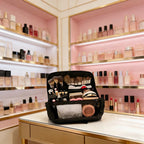 Cosmetiquera Portátil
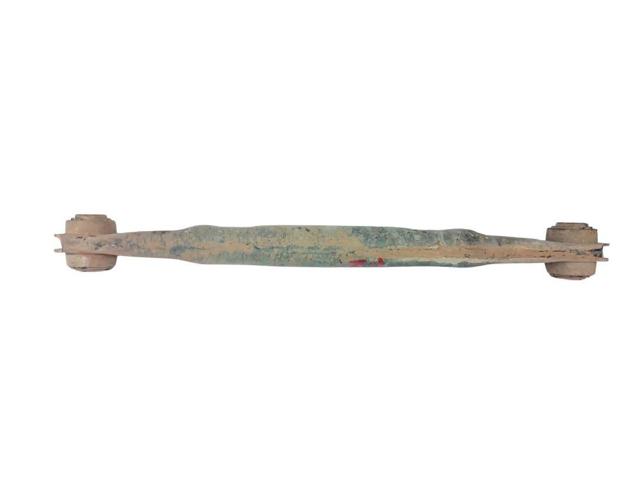LAND ROVER LR002576 Barra transversal de la suspensión trasera  disponible Valladolid
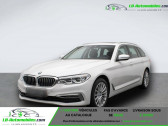 Annonce Bmw 520 occasion Diesel 520d 190 ch BVA � Beaupuy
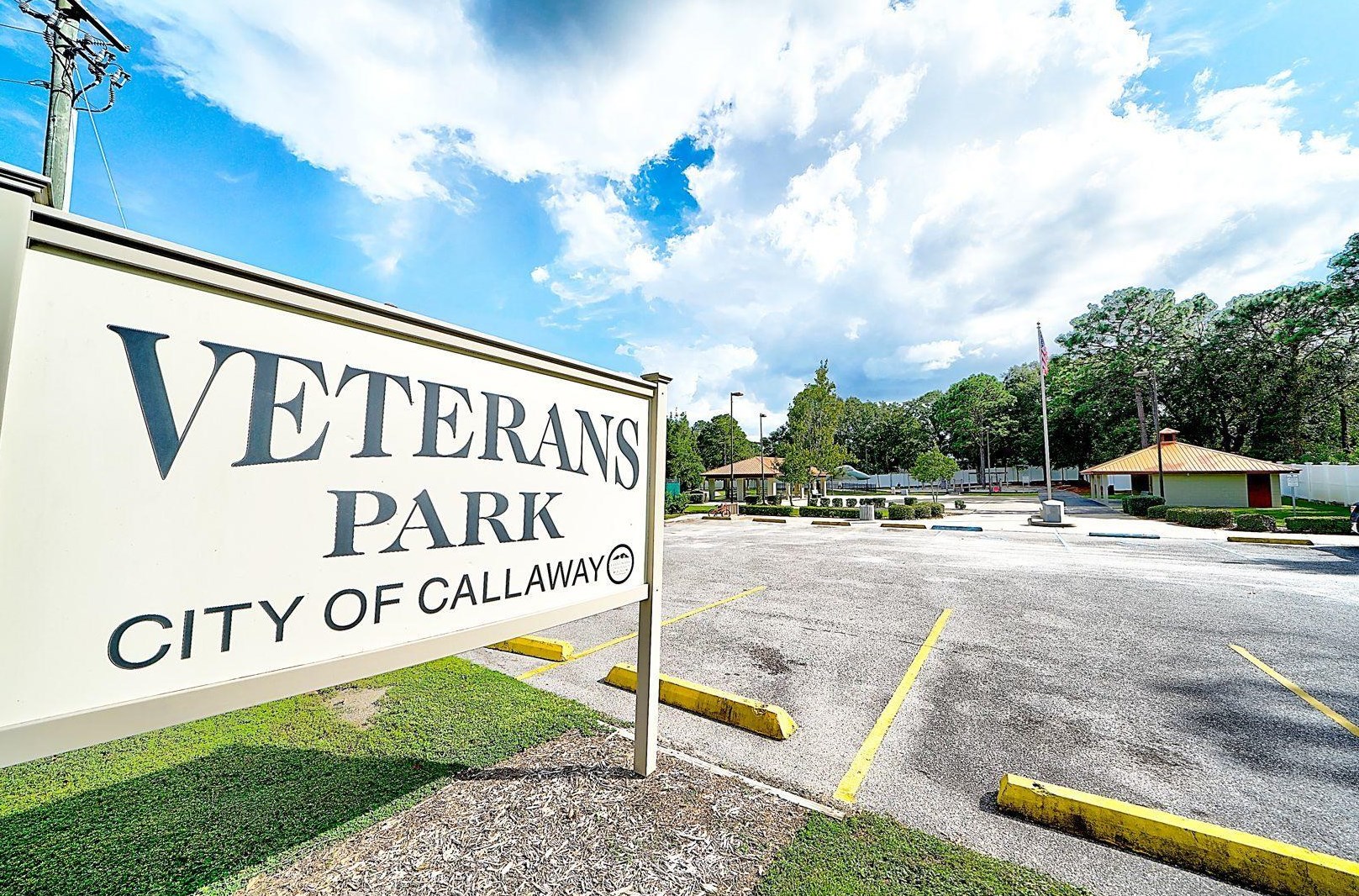 4720 Colorado St, Panama City FL 32404 exterior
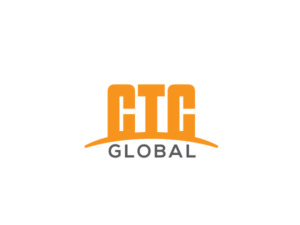 Design de Logo par Alien Cookie pour CTC Global | Design : #9205554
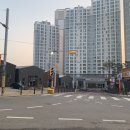 이선수치과의원 이미지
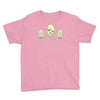 toxic avenger Youth Tee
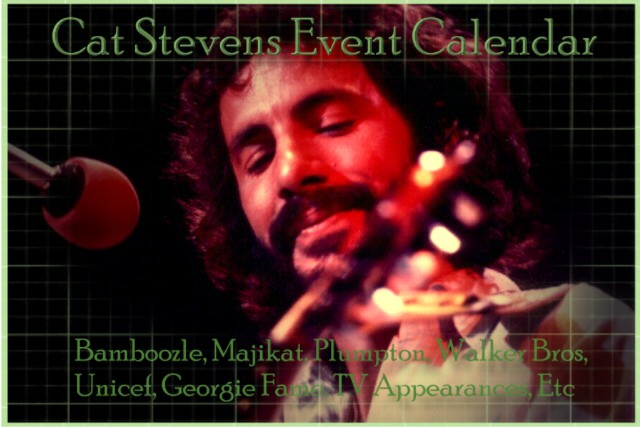 newcalendarcov.jpg (63408 bytes)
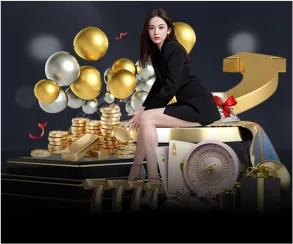 Slot Đặc Biệt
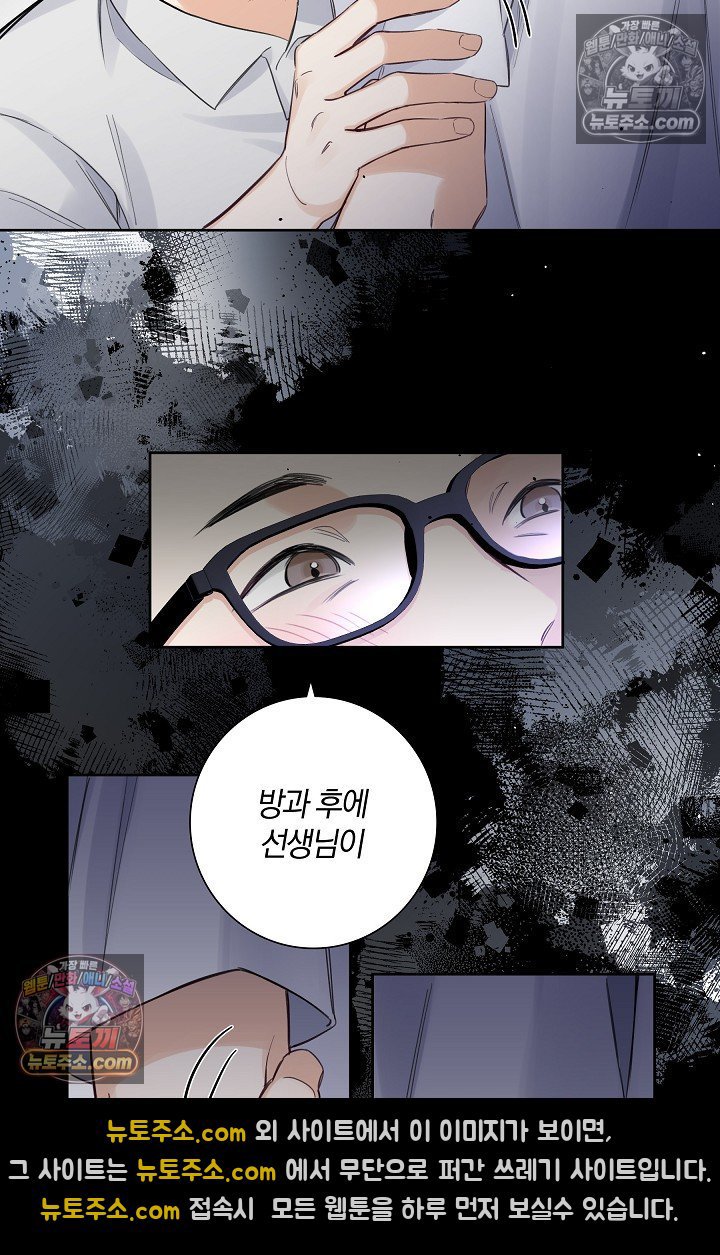 008.jpg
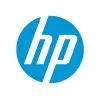 Hpi KIT-ADF pilna vienības darbplūsmas lietošana B5L47-67907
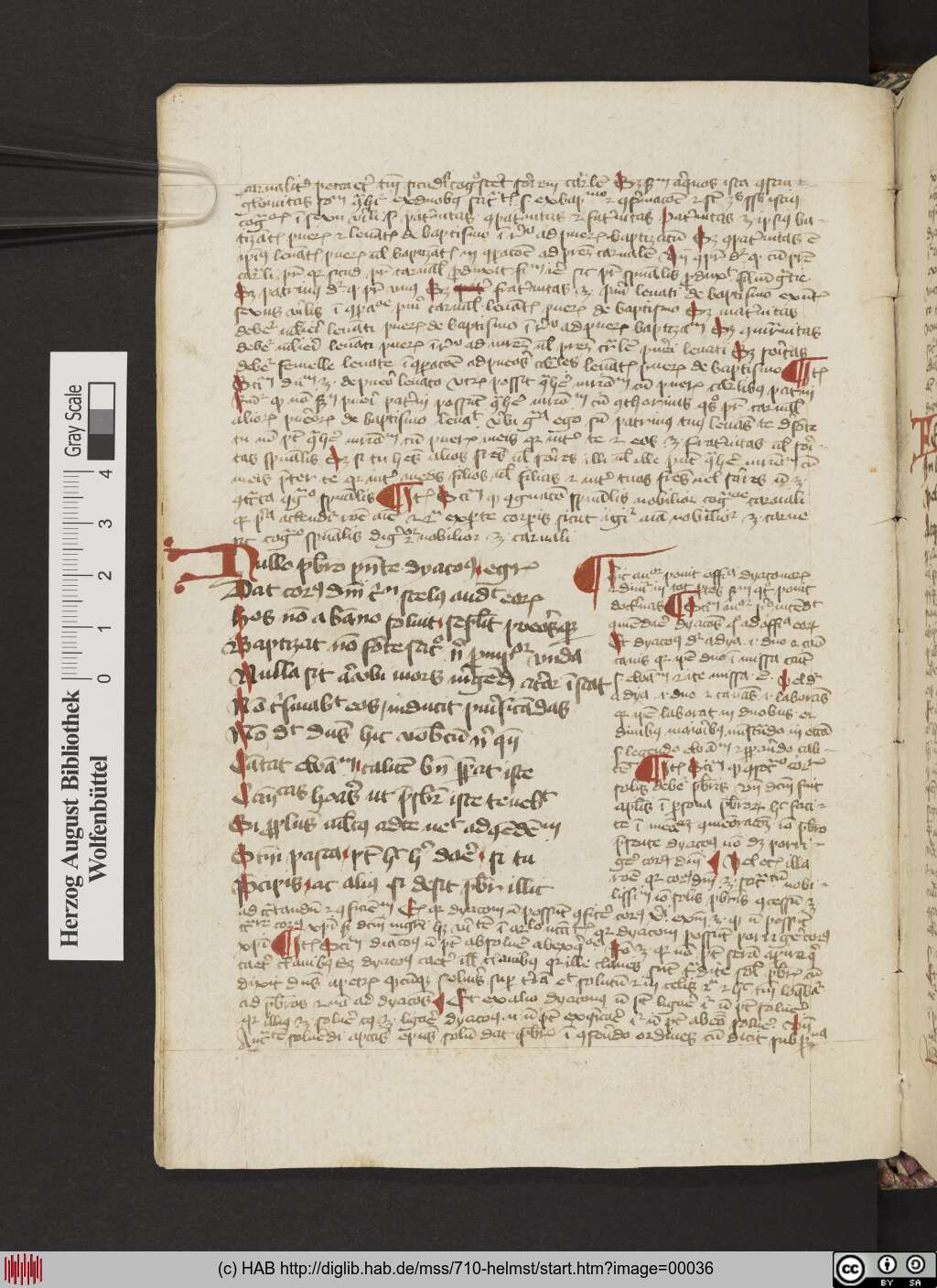 http://diglib.hab.de/mss/710-helmst/00036.jpg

:::::

Word-for-word restatement: every line from the one with "toxic avenger Youth Tee" through the final line of the data, both ends included, pictures excluded.

**Output for this exercise**
 toxic avenger Youth Tee
 newcalendarcov.jpg (63408 bytes)
 Slot Đặc Biệt
 008.jpg
 Hpi KIT-ADF pilna vienības darbplūsmas lietošana B5L47-67907
 http://diglib.hab.de/mss/710-helmst/00036.jpg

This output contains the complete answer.